RAMAZAN BEREKETİ

RAMAZAN BEREKETİ

Bir Ramazana daha girmiş olmanın mutluluğunu yaşıyoruz. “Ramazan” kelimesinn sözlük anlamlarından biri, yer yüzünü toz ve kirlerden temizleyen yaz sonu yağmurları demektir. Bu mübârek ay inşâllah mâsivâ kirlerinden arınmamıza, vehimlerimizin ve nefsimizin tozundan, pasından temizlenmemize vesîle olur.

Bütün müslümanlar Ramazanı çok severler. Fakat milletimiz bu ayı bir başka coşku ve ilgiyle benimsemiştir. Ona “On bir ayın sultanı” demiş, onu mânilerle ve şiirlerle karşılamıştır:

Hakk’ın bize ihsânısın

Hem ayların sultânısın

Sen bir saâdet kânısın

Ey mâh-ı sultan merhaba..

demiştir.

Ramazan ayının dinî ve sosyal hayatımızda silinmez damgaları vardır. O, kültürümüzün önemli bir parçasıdır. Her Ramazanda güzel vatanımızın bütün ufkunu dinî, manevî bir atmosfer kuşatır. Bu, herhangi bir zorlamayla değil, kendiliğinden oluşur. Sanki bir Ramazan mâneviyeti her yerde hissedilir. Gazeteler, radyolar ve televizyonlar yayınlarında Ramazanın kudsiyetine iştirak ederler. Bazı eğlence yerleri ve meyhâneler tâtile girer.
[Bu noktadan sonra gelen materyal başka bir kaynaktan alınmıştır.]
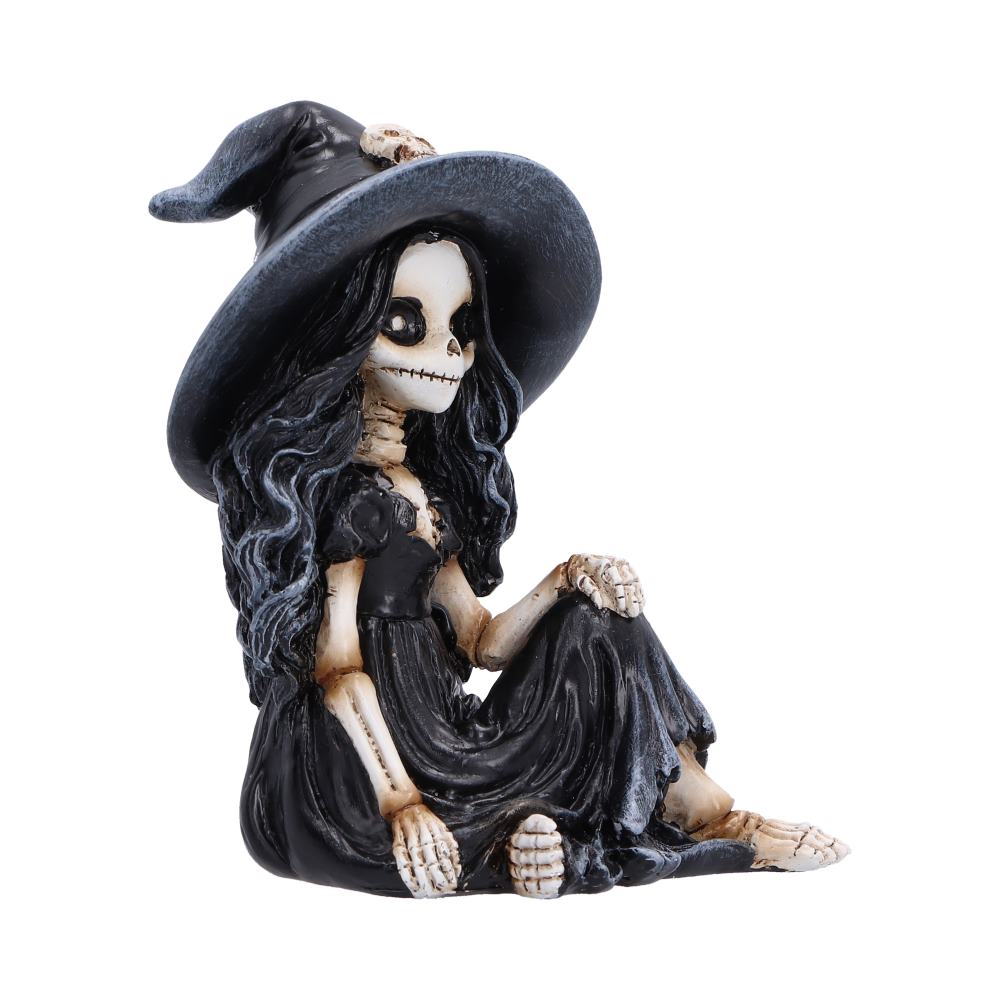 Jinxie Skeleton Witch Figurine | Gothic Halloween Collectible | Nemesis Now 8.8cm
Ramazanda câmiler daha bir şenlenir, temizlenir, kandiller ve mahyalarla süslenir. İftar sofraları, sahurları, karşılıklı dâvet ve ziyaretleri, davulcu ve mânileriyle bir başka âlemdir Ramazan. Bütün gün oruç tuıtan insanımız, genciyle yaşlısıyla terâvih namazlarına koşarlar. Ne hikmettir bilinmez, başka zamanlarda tenhâ olan câmilerimiz, terâvih namazlarında dolup taşar. Hele ilk günlerde, geç kalmamalı, iftardan biraz sonra câminin yolunu tutmalısınız. Aksi halde içeride yer bulamaz, dışarıda kalırsınız.

KÜLTÜRÜMÜZDE RAMAZAN

Ramazan sadece dinî bir konu değildir. Kültürümüzde Ramazanın etkisi büyüktür. Şiirimizde, edebiyatımızda, bilhassa şifahî kültürde, Ramazan ve oruç çok canlı bir unsurdur. Ramazan mânileri, Ramazan fıkraları, bilmeceler bulunmaz güzellikler taşır.
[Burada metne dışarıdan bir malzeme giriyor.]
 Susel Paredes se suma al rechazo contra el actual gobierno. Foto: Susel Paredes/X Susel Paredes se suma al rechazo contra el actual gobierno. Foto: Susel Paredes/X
Yakın zamanlara kadar bilmecelerimiz önemli bir kültür bağı oluştururdu. Meselâ biri soradı:

-Bir tabak yemişim var; yarısı yenir, yarısı yenmez, bil bakalım nedir?

Cevap: Oruç! idi. Bir başkası sorardı:

-Gökten bir elme düştü, on iki parçaya ayrıldı. On birini yediler, birine hayır, dediler?..

Cevap: Ramazan!..

Hele Ramazan gecelerinin ayrılmaz parçası olan olan ilâhîlerimiz… Duygularımızı yücelten; insanımıza dîni, Allah’ı Peygamber’i sevdiren ilâhilerimiz ne güzeldir. Sözleri ve etkileyici nağmeleriyle Ramazana hoş geldin diyen, merhaba diyen ilâhilerimiz…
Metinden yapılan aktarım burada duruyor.